426. 求婚されても困る

「はじめまして、コードル様。結婚の件、丁重にお断りさせていただきます」


「そ、そんな……」


 コードル様が膝からがっくりと崩れ落ちるけど、普通はそうなるんじゃないかな。

 初対面の女性にいきなり求婚だなんて封建制下のこの国でもないと思う。

 ない……よね?


「コードル。あいさつは普通のものだけと言いましたよね?」


「そ、それは……しかし、母上」


「お黙りなさい! リリィ様はヴァードモイ侯爵様の側近でもあられるのですよ!? 確かに平民の商人でしょうが、銀級商人で扱いも伯爵家当主相当。ヴァードモイ侯爵様からの扱いを見れば相当信頼されているはずです。あなたはヴァードモイ侯爵様との関係性に亀裂を入れるつもりですか!?」


「うっ……」


「もういい、下がりなさい。あとのフォローは私の方でしておきます」


「も、申し訳ありません、母上」


 コードル様は肩を落とし、すごすごと出ていった。

 残された奥様方やお嬢様方は頭を抱えている。

 ひょっとしていつもあんな感じなんだろうか。

 いや、それは怖いぞ?


「失礼いたしました、リリィ様。やはり、あいさつをさせるべきではありませんでした」


「いえ、お気になさらず。ところで、あの方って毎回このような感じなのですか?」


「……申し上げにくいのですが、このような感じです。先の混乱で婚約者との縁談を破棄されてからというもの、結婚相手を見つけるのに焦っておりまして」


 なるほど、コードル様も国の分裂による被害者なんだね。


 奥様によると、コードル様の元婚約者は王弟配下の貴族となったらしい。

 争いをやめず平穏を脅かし続けている一派の配下には婿入りすることができず、婚約はなくなったようだ。

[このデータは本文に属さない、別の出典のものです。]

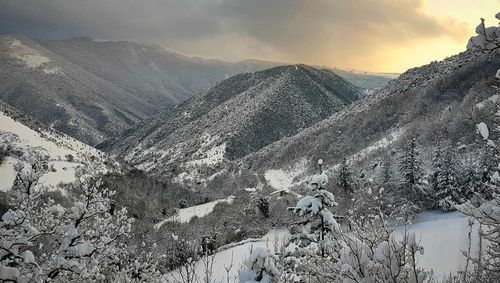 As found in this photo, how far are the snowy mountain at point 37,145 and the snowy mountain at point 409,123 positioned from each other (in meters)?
28.7

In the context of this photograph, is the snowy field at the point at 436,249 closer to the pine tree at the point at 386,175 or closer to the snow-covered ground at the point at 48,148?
the pine tree at the point at 386,175

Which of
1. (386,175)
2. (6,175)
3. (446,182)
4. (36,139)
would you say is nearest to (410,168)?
(446,182)

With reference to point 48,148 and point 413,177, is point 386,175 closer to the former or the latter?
point 413,177

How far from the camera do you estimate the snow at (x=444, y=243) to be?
14242 mm

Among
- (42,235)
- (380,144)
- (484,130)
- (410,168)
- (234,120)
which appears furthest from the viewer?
(234,120)

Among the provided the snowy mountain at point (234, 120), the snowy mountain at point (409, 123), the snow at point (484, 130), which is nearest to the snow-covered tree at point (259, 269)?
the snow at point (484, 130)

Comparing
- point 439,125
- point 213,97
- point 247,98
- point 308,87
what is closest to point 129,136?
point 213,97

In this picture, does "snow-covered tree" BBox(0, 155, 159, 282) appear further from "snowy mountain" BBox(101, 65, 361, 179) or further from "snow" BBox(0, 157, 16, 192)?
"snowy mountain" BBox(101, 65, 361, 179)

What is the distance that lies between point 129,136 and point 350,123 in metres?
135

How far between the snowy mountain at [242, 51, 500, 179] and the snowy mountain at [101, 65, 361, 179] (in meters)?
29.7

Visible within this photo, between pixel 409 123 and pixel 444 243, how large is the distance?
128 ft

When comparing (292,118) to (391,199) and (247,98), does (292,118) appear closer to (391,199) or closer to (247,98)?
(247,98)

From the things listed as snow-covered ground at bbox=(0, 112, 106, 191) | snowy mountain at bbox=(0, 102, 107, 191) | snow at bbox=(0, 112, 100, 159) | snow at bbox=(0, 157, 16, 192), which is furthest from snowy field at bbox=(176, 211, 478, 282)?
snow at bbox=(0, 112, 100, 159)

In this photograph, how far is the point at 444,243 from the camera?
16484mm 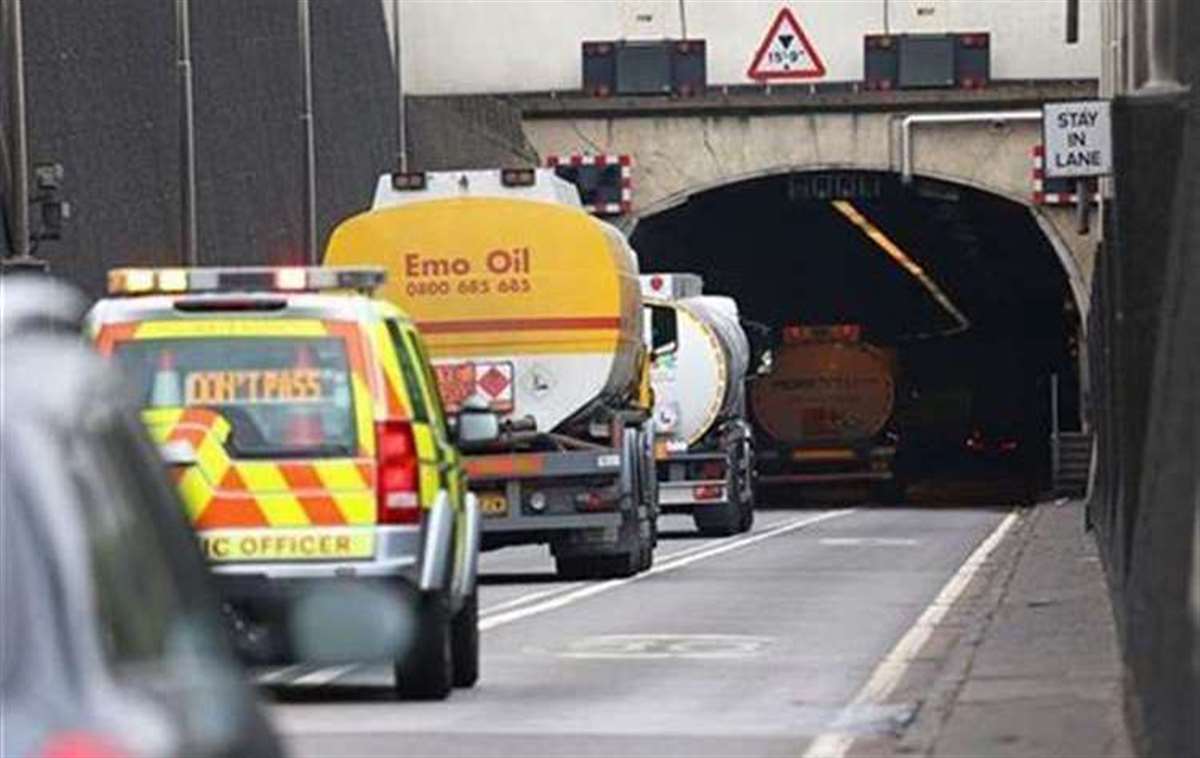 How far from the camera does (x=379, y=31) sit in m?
58.8

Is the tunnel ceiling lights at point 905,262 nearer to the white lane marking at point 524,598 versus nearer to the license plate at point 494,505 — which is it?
the license plate at point 494,505

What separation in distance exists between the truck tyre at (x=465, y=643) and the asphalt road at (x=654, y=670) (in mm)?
168

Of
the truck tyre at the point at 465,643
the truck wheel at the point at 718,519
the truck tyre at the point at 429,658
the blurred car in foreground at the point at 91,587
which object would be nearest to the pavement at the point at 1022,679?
the truck tyre at the point at 465,643

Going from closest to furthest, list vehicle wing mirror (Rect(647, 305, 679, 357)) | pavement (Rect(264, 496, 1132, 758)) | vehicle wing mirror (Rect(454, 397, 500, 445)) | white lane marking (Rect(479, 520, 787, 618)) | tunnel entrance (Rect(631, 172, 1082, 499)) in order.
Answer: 1. pavement (Rect(264, 496, 1132, 758))
2. vehicle wing mirror (Rect(454, 397, 500, 445))
3. white lane marking (Rect(479, 520, 787, 618))
4. vehicle wing mirror (Rect(647, 305, 679, 357))
5. tunnel entrance (Rect(631, 172, 1082, 499))

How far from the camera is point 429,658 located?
1627cm

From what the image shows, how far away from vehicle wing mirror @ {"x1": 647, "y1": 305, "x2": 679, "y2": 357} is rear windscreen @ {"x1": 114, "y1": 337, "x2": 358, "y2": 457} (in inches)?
1018

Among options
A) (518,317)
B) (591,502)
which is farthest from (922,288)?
(518,317)

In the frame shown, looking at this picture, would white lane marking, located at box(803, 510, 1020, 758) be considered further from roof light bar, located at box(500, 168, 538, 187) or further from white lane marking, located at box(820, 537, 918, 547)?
white lane marking, located at box(820, 537, 918, 547)

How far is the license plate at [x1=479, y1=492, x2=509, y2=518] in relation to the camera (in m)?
28.3

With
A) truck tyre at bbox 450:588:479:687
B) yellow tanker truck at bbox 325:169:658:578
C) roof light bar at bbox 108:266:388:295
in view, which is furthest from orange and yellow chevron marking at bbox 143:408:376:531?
yellow tanker truck at bbox 325:169:658:578

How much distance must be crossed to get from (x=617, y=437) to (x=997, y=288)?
5163 centimetres

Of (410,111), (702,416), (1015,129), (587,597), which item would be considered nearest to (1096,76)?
(1015,129)

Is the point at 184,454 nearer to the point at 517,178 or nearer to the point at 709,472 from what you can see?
the point at 517,178

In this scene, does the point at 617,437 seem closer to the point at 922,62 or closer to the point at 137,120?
the point at 137,120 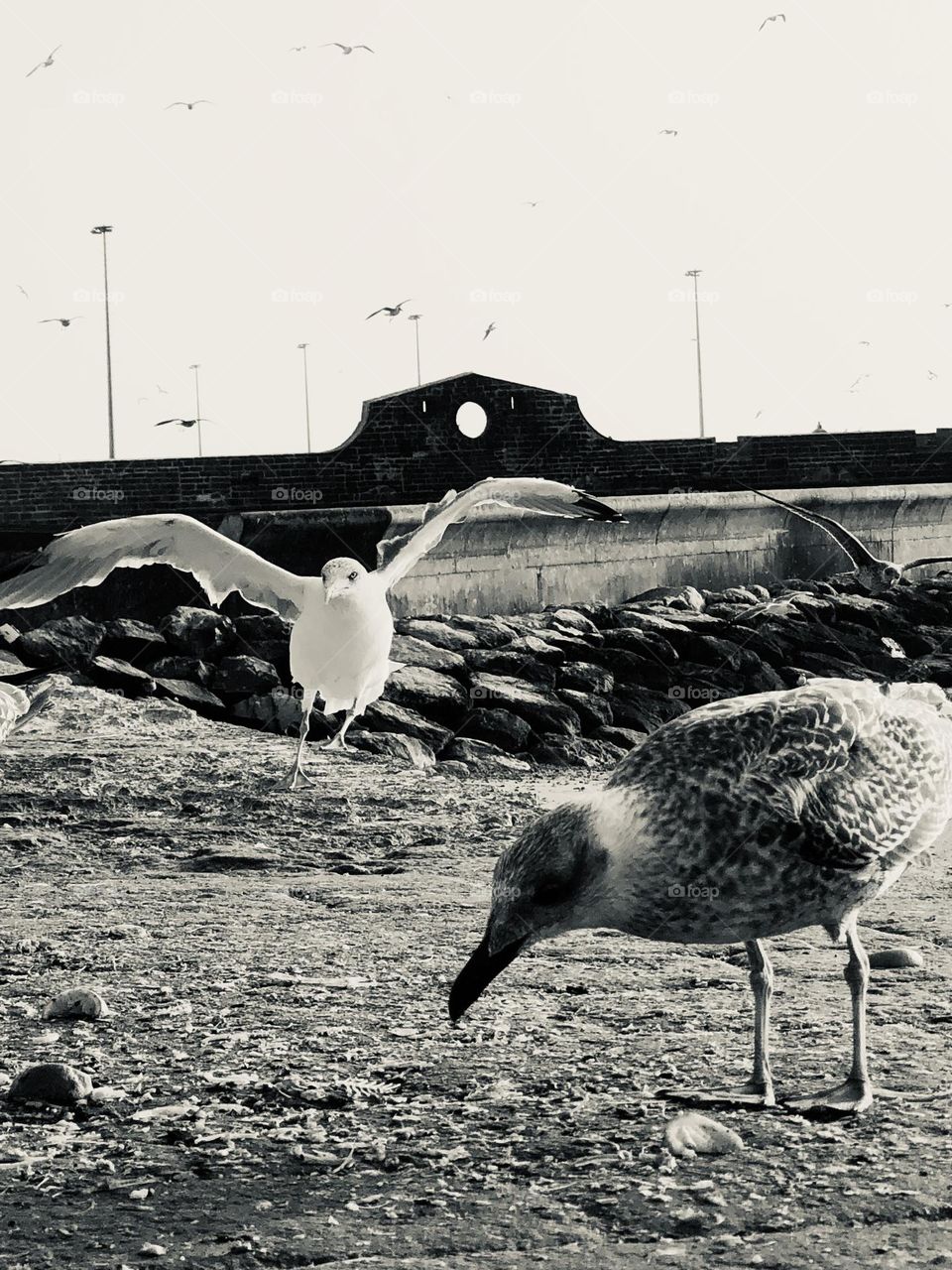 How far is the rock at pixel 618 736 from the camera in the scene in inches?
563

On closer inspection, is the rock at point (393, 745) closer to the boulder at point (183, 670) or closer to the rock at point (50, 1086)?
the boulder at point (183, 670)

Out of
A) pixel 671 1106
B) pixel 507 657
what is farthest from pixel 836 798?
pixel 507 657

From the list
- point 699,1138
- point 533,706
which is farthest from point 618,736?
point 699,1138

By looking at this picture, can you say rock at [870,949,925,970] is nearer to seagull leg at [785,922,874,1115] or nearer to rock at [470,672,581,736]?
seagull leg at [785,922,874,1115]

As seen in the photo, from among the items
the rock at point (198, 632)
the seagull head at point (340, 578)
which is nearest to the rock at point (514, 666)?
the rock at point (198, 632)

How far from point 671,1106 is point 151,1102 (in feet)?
4.19

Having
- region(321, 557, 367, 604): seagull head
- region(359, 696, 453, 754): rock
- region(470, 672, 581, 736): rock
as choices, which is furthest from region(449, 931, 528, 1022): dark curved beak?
region(470, 672, 581, 736): rock

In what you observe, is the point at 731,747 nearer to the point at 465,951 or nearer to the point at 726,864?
the point at 726,864

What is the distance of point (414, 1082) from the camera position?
13.3 feet

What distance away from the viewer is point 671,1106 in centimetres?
382

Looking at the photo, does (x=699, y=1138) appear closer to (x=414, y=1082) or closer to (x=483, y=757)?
(x=414, y=1082)

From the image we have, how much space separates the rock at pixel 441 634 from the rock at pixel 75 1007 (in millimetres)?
12314

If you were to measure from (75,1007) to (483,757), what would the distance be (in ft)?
25.7

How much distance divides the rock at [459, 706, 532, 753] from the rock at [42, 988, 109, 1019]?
8.49 m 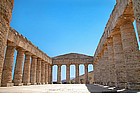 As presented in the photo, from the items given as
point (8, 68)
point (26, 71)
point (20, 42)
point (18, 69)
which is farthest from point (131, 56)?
point (26, 71)

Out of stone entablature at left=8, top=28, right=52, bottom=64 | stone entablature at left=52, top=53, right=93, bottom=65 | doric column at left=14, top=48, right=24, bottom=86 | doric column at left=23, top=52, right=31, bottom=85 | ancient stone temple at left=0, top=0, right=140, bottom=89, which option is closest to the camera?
ancient stone temple at left=0, top=0, right=140, bottom=89

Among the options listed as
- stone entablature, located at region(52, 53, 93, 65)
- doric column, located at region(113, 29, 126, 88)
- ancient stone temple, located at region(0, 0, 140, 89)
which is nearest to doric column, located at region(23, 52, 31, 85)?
ancient stone temple, located at region(0, 0, 140, 89)

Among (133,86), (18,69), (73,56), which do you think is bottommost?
(133,86)

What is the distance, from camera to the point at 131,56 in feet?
29.5

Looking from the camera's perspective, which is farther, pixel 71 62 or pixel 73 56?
pixel 73 56

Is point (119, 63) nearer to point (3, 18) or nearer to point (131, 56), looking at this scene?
point (131, 56)

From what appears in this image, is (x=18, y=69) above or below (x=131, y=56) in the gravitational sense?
above

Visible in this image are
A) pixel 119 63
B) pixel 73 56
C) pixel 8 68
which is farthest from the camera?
pixel 73 56

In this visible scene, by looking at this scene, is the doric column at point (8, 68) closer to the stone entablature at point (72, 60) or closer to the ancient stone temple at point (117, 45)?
the ancient stone temple at point (117, 45)

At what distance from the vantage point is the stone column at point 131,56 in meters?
8.59

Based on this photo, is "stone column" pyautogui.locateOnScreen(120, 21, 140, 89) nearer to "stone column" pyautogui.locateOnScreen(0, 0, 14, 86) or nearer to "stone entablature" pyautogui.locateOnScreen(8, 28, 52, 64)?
"stone column" pyautogui.locateOnScreen(0, 0, 14, 86)

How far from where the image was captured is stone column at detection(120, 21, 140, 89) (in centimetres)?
859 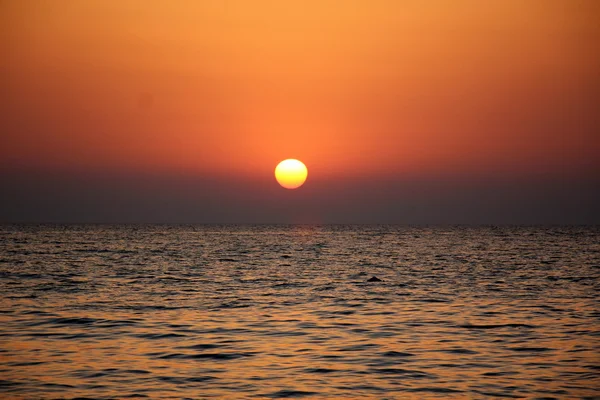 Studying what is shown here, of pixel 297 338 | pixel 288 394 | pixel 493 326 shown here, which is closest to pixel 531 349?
pixel 493 326

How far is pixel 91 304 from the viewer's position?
3444 cm

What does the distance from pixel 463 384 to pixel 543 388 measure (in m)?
1.93

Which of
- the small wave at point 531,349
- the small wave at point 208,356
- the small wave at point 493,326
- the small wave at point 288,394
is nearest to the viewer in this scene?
the small wave at point 288,394

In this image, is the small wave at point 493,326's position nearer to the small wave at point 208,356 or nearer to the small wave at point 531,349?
the small wave at point 531,349

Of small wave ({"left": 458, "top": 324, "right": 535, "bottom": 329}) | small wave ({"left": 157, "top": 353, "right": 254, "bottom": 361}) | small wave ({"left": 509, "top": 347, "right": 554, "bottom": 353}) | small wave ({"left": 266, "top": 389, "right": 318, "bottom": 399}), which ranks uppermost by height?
small wave ({"left": 157, "top": 353, "right": 254, "bottom": 361})

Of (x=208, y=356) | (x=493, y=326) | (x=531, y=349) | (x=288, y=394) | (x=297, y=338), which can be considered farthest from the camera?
(x=493, y=326)

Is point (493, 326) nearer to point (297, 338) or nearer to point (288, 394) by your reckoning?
point (297, 338)

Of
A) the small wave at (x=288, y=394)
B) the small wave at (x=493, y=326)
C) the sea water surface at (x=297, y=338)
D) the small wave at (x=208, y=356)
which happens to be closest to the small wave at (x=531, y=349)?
the sea water surface at (x=297, y=338)

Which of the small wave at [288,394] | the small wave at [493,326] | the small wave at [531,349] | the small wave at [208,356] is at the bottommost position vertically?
the small wave at [493,326]

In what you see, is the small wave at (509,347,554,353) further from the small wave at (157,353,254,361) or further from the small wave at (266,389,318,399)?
the small wave at (266,389,318,399)

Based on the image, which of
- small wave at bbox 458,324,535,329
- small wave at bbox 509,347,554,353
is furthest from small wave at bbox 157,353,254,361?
small wave at bbox 458,324,535,329

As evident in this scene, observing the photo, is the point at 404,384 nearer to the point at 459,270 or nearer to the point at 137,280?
the point at 137,280

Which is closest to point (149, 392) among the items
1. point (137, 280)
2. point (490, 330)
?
point (490, 330)

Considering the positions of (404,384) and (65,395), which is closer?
(65,395) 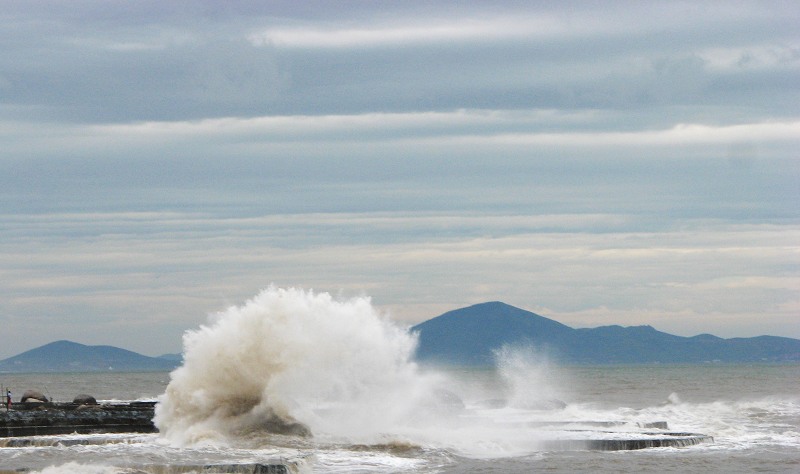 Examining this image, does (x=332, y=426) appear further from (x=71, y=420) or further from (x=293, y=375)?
(x=71, y=420)

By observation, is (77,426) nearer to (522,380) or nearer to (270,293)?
(270,293)

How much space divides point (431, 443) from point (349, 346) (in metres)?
5.83

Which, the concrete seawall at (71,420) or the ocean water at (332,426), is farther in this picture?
the concrete seawall at (71,420)

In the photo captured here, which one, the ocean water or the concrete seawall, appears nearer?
the ocean water

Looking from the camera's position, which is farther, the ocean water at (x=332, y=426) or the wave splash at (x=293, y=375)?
the wave splash at (x=293, y=375)

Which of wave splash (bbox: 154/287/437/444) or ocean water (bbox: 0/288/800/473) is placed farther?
wave splash (bbox: 154/287/437/444)

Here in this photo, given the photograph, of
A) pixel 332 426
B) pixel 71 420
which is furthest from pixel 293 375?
pixel 71 420

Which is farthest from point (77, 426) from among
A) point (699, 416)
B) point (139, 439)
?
point (699, 416)

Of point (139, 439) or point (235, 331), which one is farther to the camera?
point (235, 331)

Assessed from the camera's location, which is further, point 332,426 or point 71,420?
point 71,420

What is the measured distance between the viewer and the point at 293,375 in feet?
134

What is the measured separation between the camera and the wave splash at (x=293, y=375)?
39594 mm

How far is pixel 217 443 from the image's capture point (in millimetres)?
36719

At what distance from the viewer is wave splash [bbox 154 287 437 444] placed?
130ft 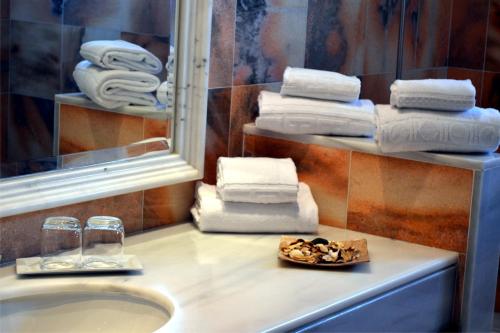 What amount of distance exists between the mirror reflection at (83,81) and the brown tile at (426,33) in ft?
4.08

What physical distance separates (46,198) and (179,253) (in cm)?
31

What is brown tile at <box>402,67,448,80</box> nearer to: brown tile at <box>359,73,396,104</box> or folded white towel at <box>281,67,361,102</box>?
brown tile at <box>359,73,396,104</box>

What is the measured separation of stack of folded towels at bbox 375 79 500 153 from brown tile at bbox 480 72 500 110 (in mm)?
1237

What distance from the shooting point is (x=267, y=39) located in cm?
238

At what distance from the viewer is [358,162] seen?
220 cm

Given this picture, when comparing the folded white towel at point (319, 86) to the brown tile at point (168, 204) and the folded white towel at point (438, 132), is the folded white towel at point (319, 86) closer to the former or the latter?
the folded white towel at point (438, 132)

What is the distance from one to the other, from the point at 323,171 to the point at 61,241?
727 mm

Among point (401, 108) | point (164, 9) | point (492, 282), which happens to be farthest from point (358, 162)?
point (164, 9)

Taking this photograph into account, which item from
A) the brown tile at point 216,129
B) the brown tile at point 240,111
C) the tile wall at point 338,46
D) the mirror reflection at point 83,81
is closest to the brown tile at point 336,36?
the tile wall at point 338,46

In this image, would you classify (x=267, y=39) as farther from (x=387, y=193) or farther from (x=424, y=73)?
(x=424, y=73)

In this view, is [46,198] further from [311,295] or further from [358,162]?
[358,162]

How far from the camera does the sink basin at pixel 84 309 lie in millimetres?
1683

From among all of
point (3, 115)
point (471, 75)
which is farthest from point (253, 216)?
point (471, 75)

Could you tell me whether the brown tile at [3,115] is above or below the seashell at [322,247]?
above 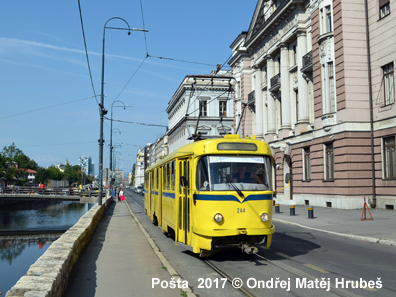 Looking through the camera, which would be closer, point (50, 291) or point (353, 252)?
point (50, 291)

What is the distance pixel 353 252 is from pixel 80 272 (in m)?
7.09

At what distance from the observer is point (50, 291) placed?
5309 mm

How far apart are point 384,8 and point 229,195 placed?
2050 centimetres

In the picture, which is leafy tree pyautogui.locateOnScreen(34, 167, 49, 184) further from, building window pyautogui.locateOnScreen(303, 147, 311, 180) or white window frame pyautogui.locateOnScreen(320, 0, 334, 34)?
white window frame pyautogui.locateOnScreen(320, 0, 334, 34)

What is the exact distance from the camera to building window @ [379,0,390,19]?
967 inches

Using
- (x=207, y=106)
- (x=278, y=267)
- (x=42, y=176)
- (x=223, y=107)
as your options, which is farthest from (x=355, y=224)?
(x=42, y=176)

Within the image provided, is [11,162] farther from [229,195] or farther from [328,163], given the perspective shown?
[229,195]

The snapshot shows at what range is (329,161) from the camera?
28484mm

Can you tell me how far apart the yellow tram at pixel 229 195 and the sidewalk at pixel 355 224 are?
5.72 m

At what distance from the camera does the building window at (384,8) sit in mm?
24562

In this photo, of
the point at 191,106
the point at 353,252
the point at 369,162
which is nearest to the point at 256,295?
the point at 353,252

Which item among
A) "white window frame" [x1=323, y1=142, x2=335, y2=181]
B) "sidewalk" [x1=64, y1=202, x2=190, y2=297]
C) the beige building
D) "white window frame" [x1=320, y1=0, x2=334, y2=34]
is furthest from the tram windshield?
"white window frame" [x1=320, y1=0, x2=334, y2=34]

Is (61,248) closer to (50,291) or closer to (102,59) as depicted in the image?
(50,291)

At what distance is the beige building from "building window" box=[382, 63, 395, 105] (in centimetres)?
6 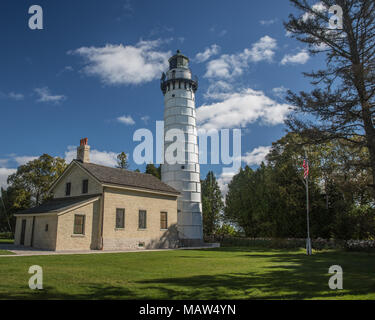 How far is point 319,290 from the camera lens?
7254 millimetres

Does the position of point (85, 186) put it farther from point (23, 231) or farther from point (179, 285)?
Answer: point (179, 285)

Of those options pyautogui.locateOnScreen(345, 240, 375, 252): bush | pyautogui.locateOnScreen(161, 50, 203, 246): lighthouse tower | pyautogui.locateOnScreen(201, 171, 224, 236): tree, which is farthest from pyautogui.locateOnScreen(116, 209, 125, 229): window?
pyautogui.locateOnScreen(201, 171, 224, 236): tree

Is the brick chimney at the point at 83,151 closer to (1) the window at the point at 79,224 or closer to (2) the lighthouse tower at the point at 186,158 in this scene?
(1) the window at the point at 79,224

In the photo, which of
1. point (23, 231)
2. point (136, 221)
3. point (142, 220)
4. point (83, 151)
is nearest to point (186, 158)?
point (142, 220)

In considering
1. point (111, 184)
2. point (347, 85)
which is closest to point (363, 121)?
point (347, 85)

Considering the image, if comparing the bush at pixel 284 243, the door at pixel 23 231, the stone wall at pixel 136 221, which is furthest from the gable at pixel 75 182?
the bush at pixel 284 243

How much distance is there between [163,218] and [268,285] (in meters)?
19.3

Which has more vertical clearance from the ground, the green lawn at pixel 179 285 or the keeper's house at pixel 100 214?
the keeper's house at pixel 100 214

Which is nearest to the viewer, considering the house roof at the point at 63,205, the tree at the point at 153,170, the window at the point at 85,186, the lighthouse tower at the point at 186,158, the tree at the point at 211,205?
the house roof at the point at 63,205

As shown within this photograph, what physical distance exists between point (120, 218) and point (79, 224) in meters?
3.20

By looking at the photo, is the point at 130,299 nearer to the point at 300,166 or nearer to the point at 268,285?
the point at 268,285

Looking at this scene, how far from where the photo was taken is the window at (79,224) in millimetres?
20297

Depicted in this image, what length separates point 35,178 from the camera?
119 feet

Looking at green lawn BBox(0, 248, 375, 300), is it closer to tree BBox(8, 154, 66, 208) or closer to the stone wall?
the stone wall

 コードル様の年齢はまだ19歳らしいのでそこまで焦る年齢ではないと感じたのだけど、現実にその年頃の女性はほとんど婚約が決まっているらしく、決まっていないのはなんらかの瑕疵がある女性ばかりだそう。

 そのために結婚相手探しに執念を燃やしているとか。

 うん、やりすぎだな。


「あの子も優秀なのですが、何分婚約者との縁談が破綻してからというものあのようになってしまい。私たちは旧国家の中でもどの勢力にも属さない独立した道を歩んでいますし、誰かの結婚を口実に戦争へ加担することがあってはならないのです」


 お嬢様方の振袖を作る理由もここにあるようだ。

 このおふたりも婚約が解消されている。

 そのため、新しい婚約者を見つけるための装いとして新しいドレスを探していたようだ。

 だが、旧王都であるヴィンラウドには腕の立つデザイナーは残っておらず、ドレスの調達が難航していたらしい。

 そこにのこのこ現れたのが私だとか。

 分断された国の関係が正常化されないと嫁げないみたいだけど、それでも準備はしなくちゃいけない。

 貴族って大変だ。

 私は、結婚する気がないので気が楽である。